# [Provided data]
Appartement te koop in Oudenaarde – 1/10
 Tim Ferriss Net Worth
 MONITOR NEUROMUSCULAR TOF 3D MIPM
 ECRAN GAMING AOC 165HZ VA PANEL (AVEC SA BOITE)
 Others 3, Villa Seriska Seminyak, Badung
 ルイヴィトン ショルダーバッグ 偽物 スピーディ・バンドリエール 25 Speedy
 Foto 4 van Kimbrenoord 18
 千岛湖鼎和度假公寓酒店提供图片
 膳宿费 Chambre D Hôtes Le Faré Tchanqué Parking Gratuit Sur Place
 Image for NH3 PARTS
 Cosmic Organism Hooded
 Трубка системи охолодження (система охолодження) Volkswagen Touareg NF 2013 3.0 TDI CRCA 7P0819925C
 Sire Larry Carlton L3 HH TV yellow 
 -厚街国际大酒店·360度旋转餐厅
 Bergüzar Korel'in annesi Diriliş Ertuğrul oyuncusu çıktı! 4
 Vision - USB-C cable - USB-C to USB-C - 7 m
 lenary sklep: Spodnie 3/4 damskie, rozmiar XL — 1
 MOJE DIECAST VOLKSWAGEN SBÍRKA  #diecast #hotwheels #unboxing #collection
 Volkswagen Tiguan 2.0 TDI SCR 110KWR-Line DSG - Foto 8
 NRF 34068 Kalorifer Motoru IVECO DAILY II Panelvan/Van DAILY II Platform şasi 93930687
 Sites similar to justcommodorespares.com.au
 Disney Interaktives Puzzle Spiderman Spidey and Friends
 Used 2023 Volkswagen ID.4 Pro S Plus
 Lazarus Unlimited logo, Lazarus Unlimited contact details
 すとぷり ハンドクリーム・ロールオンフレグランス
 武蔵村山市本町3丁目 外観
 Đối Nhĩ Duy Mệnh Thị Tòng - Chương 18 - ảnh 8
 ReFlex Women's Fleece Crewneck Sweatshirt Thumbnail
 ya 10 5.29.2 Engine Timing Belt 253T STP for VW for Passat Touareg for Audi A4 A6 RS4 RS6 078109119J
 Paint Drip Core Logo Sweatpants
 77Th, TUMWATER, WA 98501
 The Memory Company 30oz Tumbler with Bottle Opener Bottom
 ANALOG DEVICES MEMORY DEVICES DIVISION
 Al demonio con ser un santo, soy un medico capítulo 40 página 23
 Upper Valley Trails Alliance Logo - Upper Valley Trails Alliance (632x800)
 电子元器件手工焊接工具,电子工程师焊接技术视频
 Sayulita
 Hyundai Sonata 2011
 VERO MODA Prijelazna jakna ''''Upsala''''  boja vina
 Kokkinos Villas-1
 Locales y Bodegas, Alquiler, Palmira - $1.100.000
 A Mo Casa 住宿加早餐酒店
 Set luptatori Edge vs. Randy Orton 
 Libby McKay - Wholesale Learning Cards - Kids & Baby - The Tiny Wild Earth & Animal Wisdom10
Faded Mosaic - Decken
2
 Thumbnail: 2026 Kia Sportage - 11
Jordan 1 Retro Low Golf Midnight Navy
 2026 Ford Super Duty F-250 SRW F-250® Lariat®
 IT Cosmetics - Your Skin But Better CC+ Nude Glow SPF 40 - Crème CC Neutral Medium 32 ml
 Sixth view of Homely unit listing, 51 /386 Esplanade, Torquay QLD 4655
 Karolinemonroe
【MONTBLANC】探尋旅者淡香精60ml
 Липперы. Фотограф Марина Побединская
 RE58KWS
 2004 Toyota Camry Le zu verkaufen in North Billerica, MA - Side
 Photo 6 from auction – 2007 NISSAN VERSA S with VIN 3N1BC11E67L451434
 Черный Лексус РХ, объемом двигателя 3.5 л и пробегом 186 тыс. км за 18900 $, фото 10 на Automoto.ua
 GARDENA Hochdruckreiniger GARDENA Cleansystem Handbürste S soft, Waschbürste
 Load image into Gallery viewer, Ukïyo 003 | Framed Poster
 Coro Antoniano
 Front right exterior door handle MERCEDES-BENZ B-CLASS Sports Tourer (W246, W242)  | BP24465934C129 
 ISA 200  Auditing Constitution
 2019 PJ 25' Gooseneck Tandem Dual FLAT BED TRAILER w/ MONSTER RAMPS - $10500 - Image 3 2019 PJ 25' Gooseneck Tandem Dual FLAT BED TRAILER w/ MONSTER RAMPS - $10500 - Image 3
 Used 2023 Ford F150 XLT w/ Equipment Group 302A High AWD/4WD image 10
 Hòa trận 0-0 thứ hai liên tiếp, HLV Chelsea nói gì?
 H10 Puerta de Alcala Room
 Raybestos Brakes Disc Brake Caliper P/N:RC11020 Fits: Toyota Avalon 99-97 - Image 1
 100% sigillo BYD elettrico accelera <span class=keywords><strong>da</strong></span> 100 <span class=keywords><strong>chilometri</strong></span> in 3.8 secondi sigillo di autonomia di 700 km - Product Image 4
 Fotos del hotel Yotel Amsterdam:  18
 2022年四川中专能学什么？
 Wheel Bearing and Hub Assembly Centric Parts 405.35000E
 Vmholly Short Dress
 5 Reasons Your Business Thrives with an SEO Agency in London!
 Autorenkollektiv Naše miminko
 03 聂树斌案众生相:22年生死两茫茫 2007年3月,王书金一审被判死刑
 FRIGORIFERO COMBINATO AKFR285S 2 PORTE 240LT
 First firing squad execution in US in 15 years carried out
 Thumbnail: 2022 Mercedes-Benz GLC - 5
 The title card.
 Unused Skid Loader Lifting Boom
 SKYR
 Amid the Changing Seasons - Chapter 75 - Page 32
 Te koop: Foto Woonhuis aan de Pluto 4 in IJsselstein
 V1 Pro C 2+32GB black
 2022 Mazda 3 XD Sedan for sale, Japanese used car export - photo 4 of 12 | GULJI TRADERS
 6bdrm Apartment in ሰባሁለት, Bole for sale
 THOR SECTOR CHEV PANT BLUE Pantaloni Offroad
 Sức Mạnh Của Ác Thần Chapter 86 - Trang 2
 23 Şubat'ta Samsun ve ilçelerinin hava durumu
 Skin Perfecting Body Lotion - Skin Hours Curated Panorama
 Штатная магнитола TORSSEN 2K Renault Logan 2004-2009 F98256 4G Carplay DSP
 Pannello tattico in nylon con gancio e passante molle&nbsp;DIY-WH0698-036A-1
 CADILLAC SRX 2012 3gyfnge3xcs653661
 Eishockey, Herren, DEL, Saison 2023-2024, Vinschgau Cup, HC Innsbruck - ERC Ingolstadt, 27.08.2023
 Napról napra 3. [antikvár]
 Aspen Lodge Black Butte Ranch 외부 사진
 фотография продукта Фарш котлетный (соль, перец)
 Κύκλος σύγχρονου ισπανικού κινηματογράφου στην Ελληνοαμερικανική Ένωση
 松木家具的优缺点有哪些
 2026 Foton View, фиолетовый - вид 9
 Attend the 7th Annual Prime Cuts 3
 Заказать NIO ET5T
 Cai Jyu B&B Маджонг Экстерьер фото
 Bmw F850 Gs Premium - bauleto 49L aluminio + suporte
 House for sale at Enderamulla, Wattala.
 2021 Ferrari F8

# [Assignment]
Search the data for "Touareg". Copy every line that has it.

# [Response to this task]
 Трубка системи охолодження (система охолодження) Volkswagen Touareg NF 2013 3.0 TDI CRCA 7P0819925C
 ya 10 5.29.2 Engine Timing Belt 253T STP for VW for Passat Touareg for Audi A4 A6 RS4 RS6 078109119J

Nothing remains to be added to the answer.